Someone Finally Fixed This Brilliant, Infuriating Classic Videogame

A mod for Grim Fandango changes its frustrating control scheme to a traditional point-and-click interface.
Screengrab WIRED
Screengrab: WIRED

LucasArts' Grim Fandango is one of the best and most beloved adventure games ever made. But unlike the vast majority of games in its genre, Tim Schafer's 1998 dark comedy neo-noir adventure features a frustrating, unwieldy control scheme.

Where most adventure games utilize a point-and-click interface to move and interact with objects and the world, Grim Fandango uses a system that has come to be known as "tank controls." The left and right arrow keys rotate deceased travel agent Manny Calavera in place, and the up arrow moves him forward.

Tank controls aren't so bad in games in which "forward" is synonymous with "away from the camera" – a first-person shooter, for instance. But in games like Grim Fandango, where the camera position often changes, just playing it is like trying to fly a model airplane.

Given its place in the hearts and minds of adventure game fans — the kind who raised more than $3.3 million for Broken Age, Schafer's return to the genre — Grim Fandango deserves better.

An enterprising modder named Tobias Pfaff has created a mod for the game that changes its control scheme to a traditional point-and-click interface. Click where you want to go, and Manny will walk there automatically.

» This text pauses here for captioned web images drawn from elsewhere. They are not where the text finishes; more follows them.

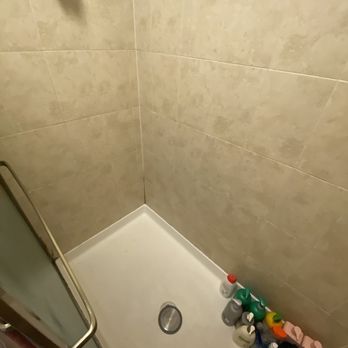 Shine Cleaning - after - Home Cleaning Near Me Shine Cleaning - after - Home Cleaning Near Me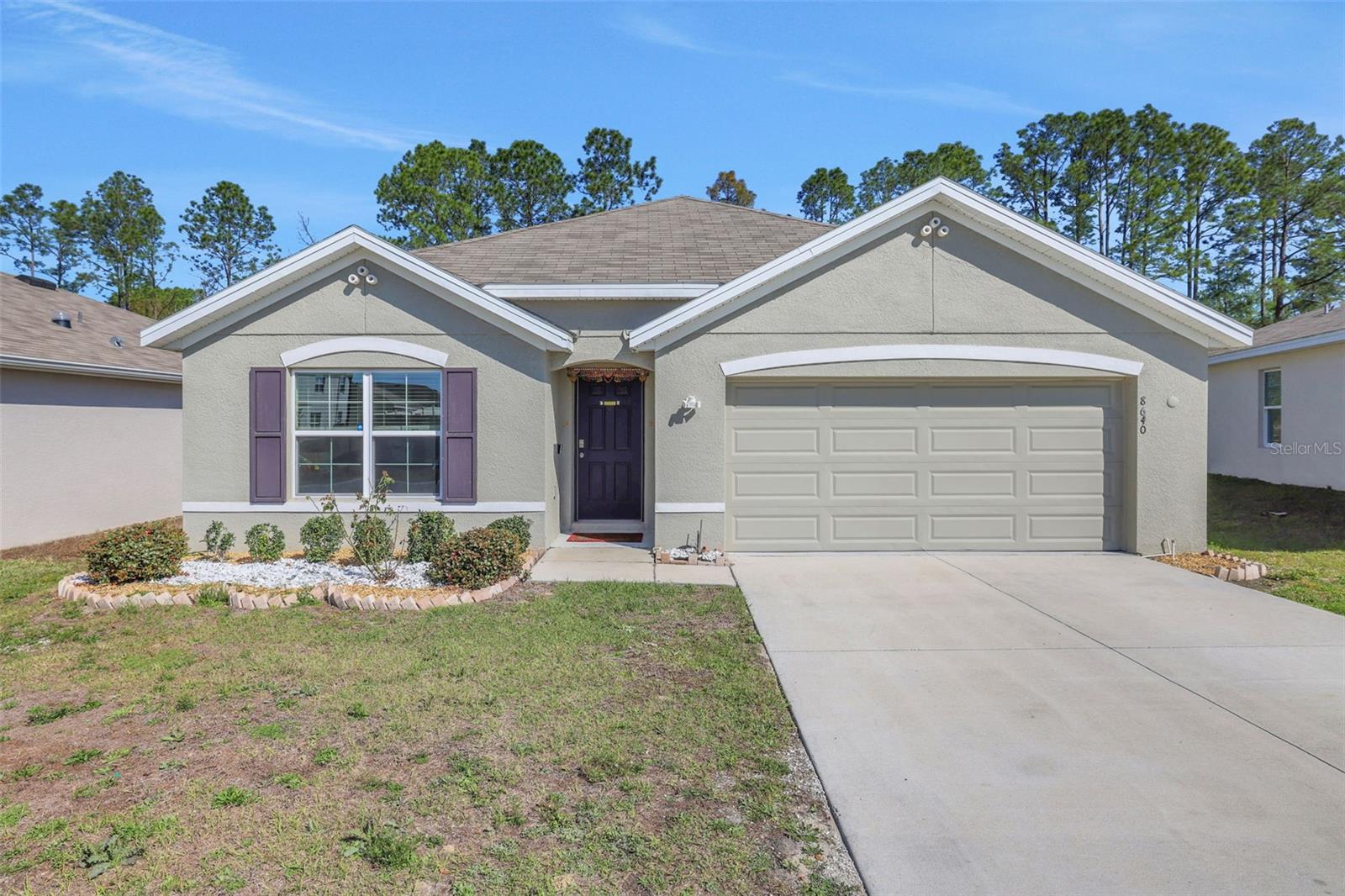 8640 49th Circle, FL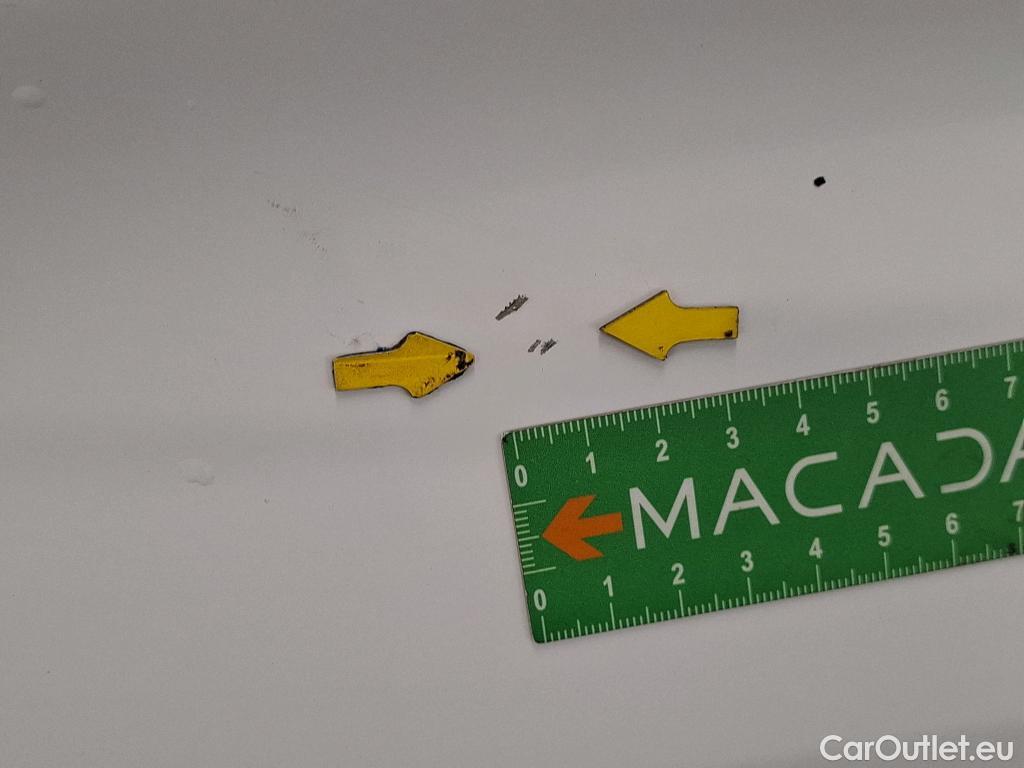  Peugeot  Partner  Asphalt L2 1.5 HDi 100CV BVM5 E6dT #74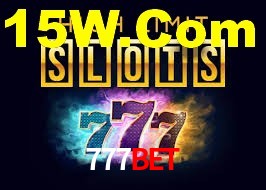 777Bet,777Bet Login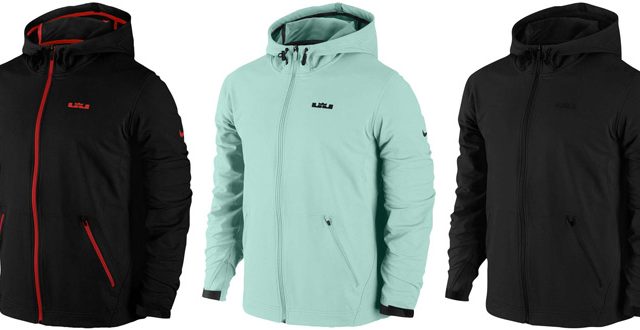 nike-lebron-opposition-jacket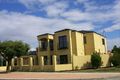 Property photo of 3 Myers Street Tuart Hill WA 6060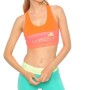 Adidas Bra-Sporcu Sütyeni  AH9697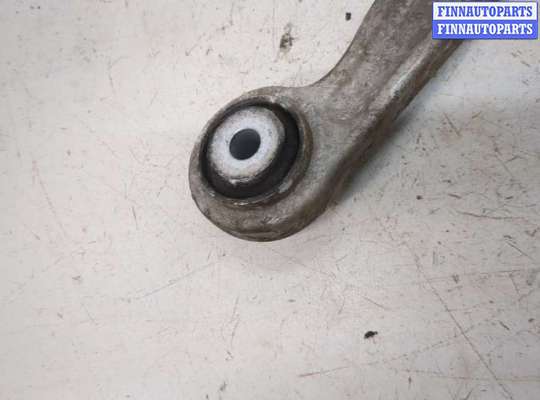купить Рычаг подвески на Mercedes C W204 2006-2015
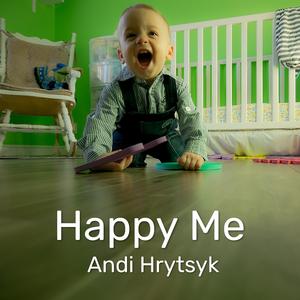 Happy Me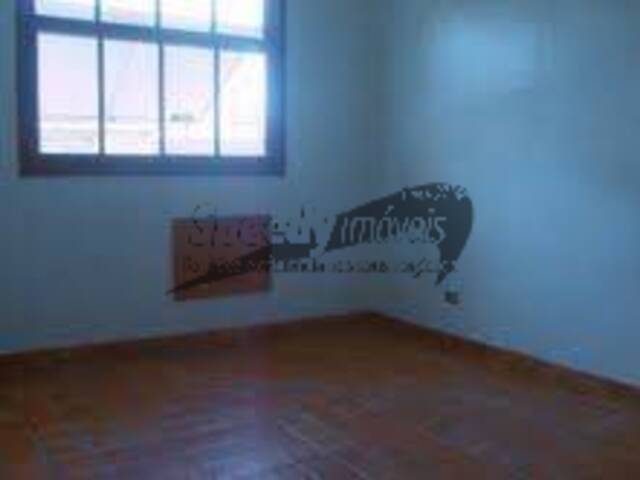 Apartamento para Venda em Santos - 5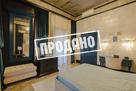 Дом из бруса в Мацесте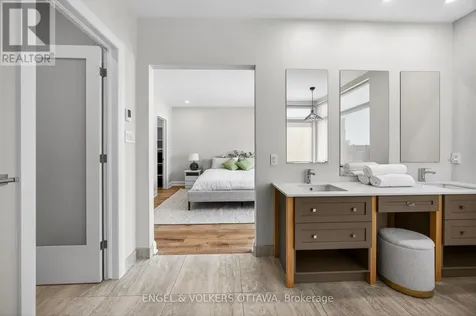 178 Main Street Ottawa ON K1S 1C2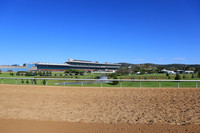 z2026328_justinmanning_eclipsesportswire_arkansasderbyday_JWM_0102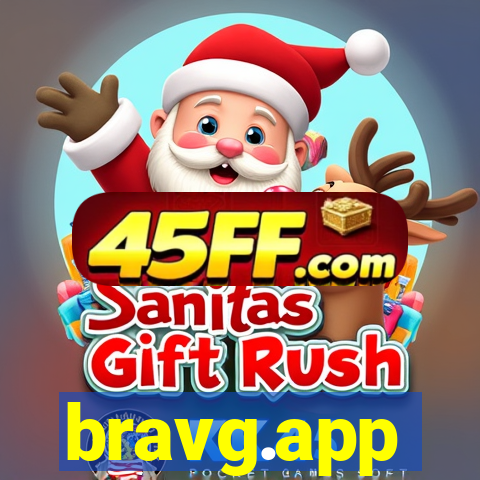 bravg.app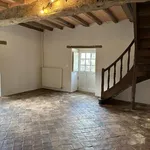 Maison de 203 m² avec 6 chambre(s) en location à LA GUYONNIERE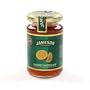 Jameson Irish Whiskey Marmalade (12 ounce)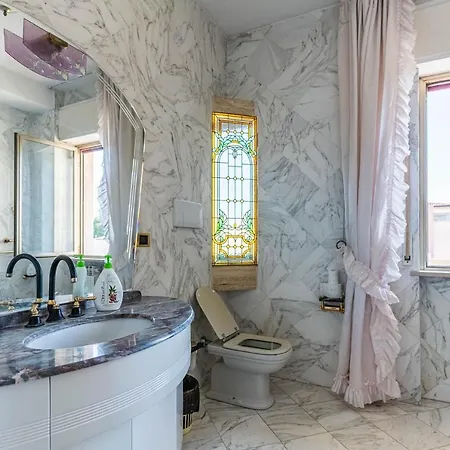 Anita Domus - Con Vista A * Pescara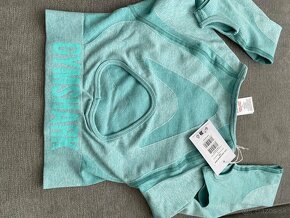 crop top - 3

"I got annoyed by the Grim Fandango's tank controls," Pfaff said in a forum post, "so I made a classical point & click interface. The game is now 100% playable with mouse only (bugs to be expected, though)."

It sounds like a simple change, but it's significant for a number of reasons. First and foremost, it's simply better. Grim Fandango's "tank" controls were cumbersome, making movement a chore — in particular, maneuvering over to and interacting with some of the objects in the game.

It was also a challenge from a technical standpoint, as the game was originally designed without mouse controls in mind.

"[Fandango] contains a lot of puzzles with non-standard controls," Pfaff said. "This required massive modifications."

For an adventure game, point-and-click is simply the natural way to play. Grim Fandango finally has the fix it always deserved, and all is right with the world.